National Financial Inclusion Strategy

Financial inclusion has been recognized as one of the pillars for achieving Bhutan’s national goal of sustainable and inclusive socio-economic growth. This will require promoting and expanding appropriate financial products and services across the country. Studies have shown that access to basic financial products and services, such as savings, payments, credit and investments, make a substantial positive difference in people’s lives. Financial inclusion, therefore, has the potential to improve the financial well-being of the unserved and underserved segments of the population.

His Majesty’s address to the country at the 109th National Day of Bhutan celebrations on 17 December 2016 clearly articulated the potential of the financial sector to create opportunities and improve access to finance for our youth and rural populace.
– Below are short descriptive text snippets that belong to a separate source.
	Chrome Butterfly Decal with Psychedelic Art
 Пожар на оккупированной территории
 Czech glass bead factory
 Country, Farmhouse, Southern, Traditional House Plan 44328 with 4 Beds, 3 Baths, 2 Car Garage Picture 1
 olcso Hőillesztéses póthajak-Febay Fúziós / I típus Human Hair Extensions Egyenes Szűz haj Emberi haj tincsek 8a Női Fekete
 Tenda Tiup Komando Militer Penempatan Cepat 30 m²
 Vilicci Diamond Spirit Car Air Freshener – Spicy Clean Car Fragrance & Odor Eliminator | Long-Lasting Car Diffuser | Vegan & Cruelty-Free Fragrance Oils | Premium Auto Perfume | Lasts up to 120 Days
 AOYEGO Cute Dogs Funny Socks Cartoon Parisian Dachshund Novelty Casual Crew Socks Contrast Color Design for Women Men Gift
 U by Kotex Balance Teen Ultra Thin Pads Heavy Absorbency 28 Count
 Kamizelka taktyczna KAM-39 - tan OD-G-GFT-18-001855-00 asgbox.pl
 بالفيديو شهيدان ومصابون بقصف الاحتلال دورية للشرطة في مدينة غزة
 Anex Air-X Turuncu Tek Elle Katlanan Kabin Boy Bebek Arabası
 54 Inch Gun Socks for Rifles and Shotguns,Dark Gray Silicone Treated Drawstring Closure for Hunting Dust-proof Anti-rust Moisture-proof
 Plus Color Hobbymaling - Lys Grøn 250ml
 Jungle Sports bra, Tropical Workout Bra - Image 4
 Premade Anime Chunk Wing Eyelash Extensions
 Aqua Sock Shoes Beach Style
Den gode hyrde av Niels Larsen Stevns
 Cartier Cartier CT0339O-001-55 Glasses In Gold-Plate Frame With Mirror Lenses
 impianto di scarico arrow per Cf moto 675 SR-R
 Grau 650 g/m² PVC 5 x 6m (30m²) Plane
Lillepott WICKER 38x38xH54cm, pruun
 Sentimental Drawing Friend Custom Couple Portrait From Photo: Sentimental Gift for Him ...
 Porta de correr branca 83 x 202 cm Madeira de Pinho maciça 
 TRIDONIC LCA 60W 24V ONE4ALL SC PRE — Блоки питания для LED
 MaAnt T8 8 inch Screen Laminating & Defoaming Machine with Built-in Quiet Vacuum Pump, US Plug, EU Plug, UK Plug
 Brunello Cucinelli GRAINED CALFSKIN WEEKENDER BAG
Consistent with his Majesty’s aspiration, financial inclusion has been acknowledged as an important national tool to ensure access to affordable formal financial services for all citizens. Research has also suggested that access to formal financial services can contribute to inclusive economic growth.

The National Financial Inclusion Strategy (NFIS) 2018-2023 and National Financial Literacy Strategy (NFIS) 2018-2023 were launched during 30th August 2018 to enhance financial inclusion initiatives in Bhutan.  The NFLS 2018-2023 is a subset document to the overarching NFIS 2018-2023. As per the NFIS 2018-2023, 40% of the total adult population remains financially excluded as of December 2017, indicating only 60% of the total adult population have at least one formal regulated account at the existing Financial Service Provider(s). Further, only 15% of the total adult population have access to credit and 15% access to insurance services.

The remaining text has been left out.